NEW YORK (TheStreet) -- It's clear enough that high-frequency trading affects professional traders and sophisticated market participants by obfuscating order flows and increasing short-term price instability.
We wrote an article geared toward the active trader last year and look at a different side of the story in this one.
Though the discussion about high-frequency trading is old news in the financial world, Michael Lewis' new book, Flash Boys: A Wall Street Revolt, has brought the discussion into the public eye over the last few days.
The broader and different audience now exposed to the issue demands we ask broader and different kinds of questions: How does high-frequency trading really affect individual investors and what is its macroeconomic impact?
We identify at least four ways that high-frequency trading affects investors and the economy.
1. Erodes Investor Confidence
Lewis' book portrays high-frequency traders as ruthless financial predators operating on the fringes of the law. Their activities, illegal in the spirit if not the letter of the law, are obscured within the microsecond gaps beyond regulators' reach, stealthily separating investors from their money a few pennies at a time.
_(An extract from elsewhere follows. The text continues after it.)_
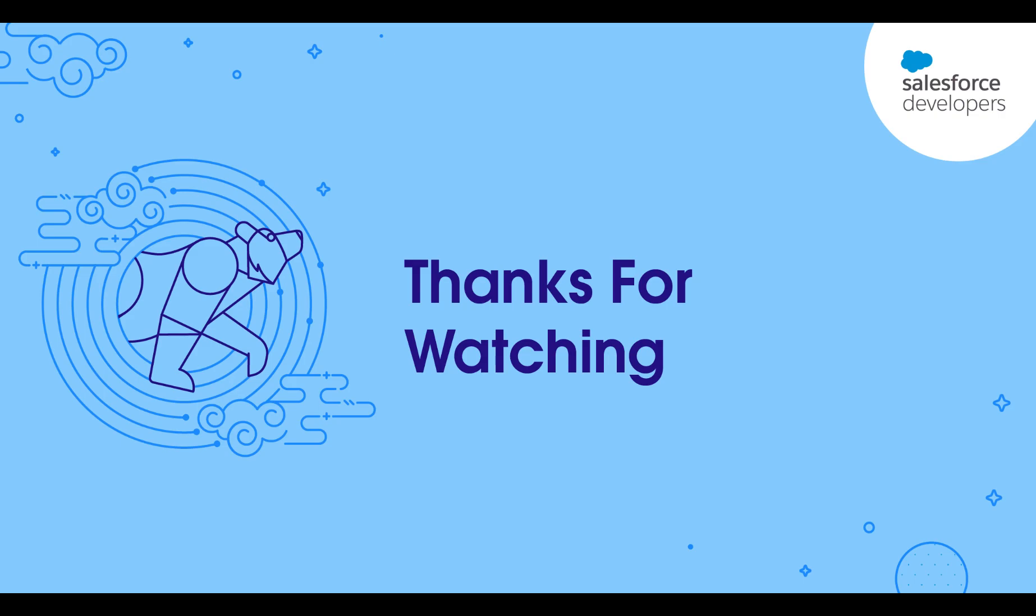Be sure to like this video, hit subscribe, and click that bell for notifications every time we post a video.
The narrative is hyperbolic, but it's hard to argue with the fundamental point: the traders do seem to engage in practices that look very much like front-running, the computer systems used in high-frequency trading probe the markets using techniques that are, at the very least, rather gamey. The very heart of the systems' competitive advantage is their ability to exploit market information a fraction of a second before it becomes widely available in violation of the spirit of the law.
Even if you disagree entirely, the perception of impropriety and reduced transparency is itself a reason to worry. Because high-frequency trading now comprises a large portion of trading volume on major exchanges, anyone who that doesn't trust it also doesn't trust the exchanges.
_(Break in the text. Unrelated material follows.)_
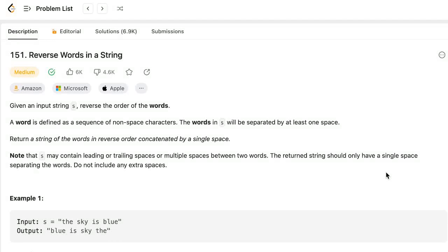Hello everyone. Today we are going to solve the LeetCode question number 151, Reverse Words in a String.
The inherent opacity of an operation that floods the markets with millions of convoluted orders per second makes it ripe for abuse, and necessarily breeds mistrust. Because investor confidence affects macroeconomic behavior in profound ways, a widespread belief -- whether founded or not -- that abuses are occurring is a massive problem in and of itself.
2. Increases Cost of Capital
A 2012 analysis by Credit Suisse shows that "real" U.S. equity volume -- that is, not high-frequency trading -- may have hit its lowest point since 1999.
The inflated volume the high-speed traders generate doesn't reflect a genuine demand for equities and doesn't make up for the loss of real investor activity.
While the drop in real volume is not entirely related to high-frequency trading, it's hard to imagine that it doesn't play at least some role. After the experience of the IPOs of Facebook (FB) and BATS Global Markets (BATS), companies looking to raise money and their investors are right to be worried about exchanges.
So should anyone, other than traders, worry when exchange volumes drop? Yes, the effects are broad and affect the economy at large. When investors are hesitant to put money into the stock market, the lower demand for equities drives up the cost of raising capital and slows down investment activity overall.